My grandfather milked cows and raised other livestock, and eventually retired, leaving the farm to my uncle Cyril, the second oldest son after my father. My grandparents built themselves a little bungalow, Glan Garreg, that perches on the hillside overlooking the village, on a small parcel cut out from one of Cwmcignant’s lower pastures.
It was in Glan Garreg’s sloping driveway that I learned to ride a bike, and I can’t pass the little house by without immediately thinking of that day and what it has meant for my life. much of which is obvious, only in retrospect.
The key thing, I think, is that they finally just left me alone. I’d been trying to learn to ride, back in the States, my father holding the back of my seat and running alongside me, over and over, but my young mind failing to take to the task. In Wales for the summer of 1979, I was presented with a small red bike with hard white tires, and after a few minutes of watching me tentatively pacing around the driveway with it, my parents and grandparents went inside to drink tea and eat the gloriously sweet cakes my grandmother was known for.
I have always liked being left alone to think my own thoughts and make my own decisions, and so, standing there at the top of the drive, I threw a leg over this borrowed bike and thought about how it might work.
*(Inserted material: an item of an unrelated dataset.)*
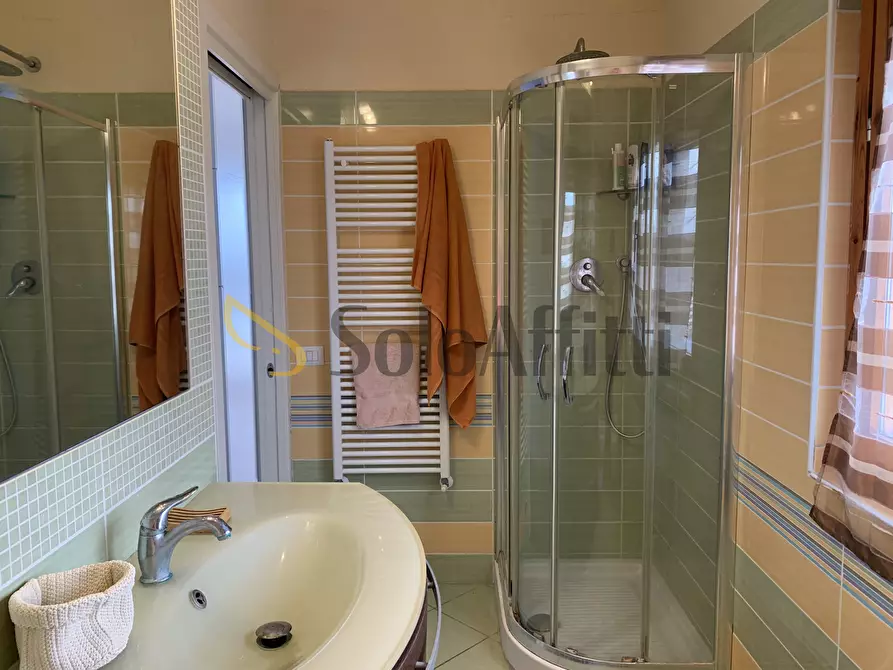 Immagine 10 di Quadrilocale in affitto  in Via dei Pensieri 89 a Livorno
It came to me suddenly that, with the slope of the driveway, I likely didn’t need to pedal, that I could focus all my fragile attention on just keeping the thing upright, and so I lifted my feet and glided away, swooping down one side and up the other like a small bird gliding between tree branches.
You know how that felt. Revelatory. Ground-shifting. As if in the space of 40 feet I’d become a different person. After another few runs, to confirm my expertise, I ran inside to summon the grownups, to demonstrate my inchoate brilliance.
The next day I took my first bike ride, out of Glan Garreg’s steep drive into the narrow lane that led up the hill to Cwmcignant. I was fortunate to be the only one on the road that morning, because it is indeed a sketchy stretch, hemmed by high hedges with not nearly enough room for two cars to pass each other, though they frequently did and still do at high speed.
I recall a feeling of unfamiliar elation as I escaped the orbit of my parents, as I pushed out into a realm I hadn’t previously fathomed, independence, this ride culminating 3-4 minutes later in the equally steep paved yard of the farm, where my uncle strode about in a pair of coveralls and Wellies after the morning’s milking, my younger cousins, Hailey and Melvin bubbling around in the house, just waiting for their American cousin to join whatever nonsense the day might offer.
Of course, I didn’t know at the time how concisely this experience would encapsulate my personality and path, how a short ride on a terrible little toy bike would mark me out as problematically independent, restlessly adventurous, and absolutely obsessed with taking myself places under my own power, in my own time and in my own way.
Last week we drove into the village from the west, the A44 from Aberystwyth, skirting the edge of Newtown, up through Caersws, and passing first Cwmcignant on the left and then Glan Garreg on the right, before dropping down into the village, Bettws Cedewain where much of the family lives now. I didn’t bore my kids with this story. They’ve heard it before and likely forgotten it. But I never will, and I will never pass these holy bits of manure smelling countryside without a giddy sense of joy for what they gave me.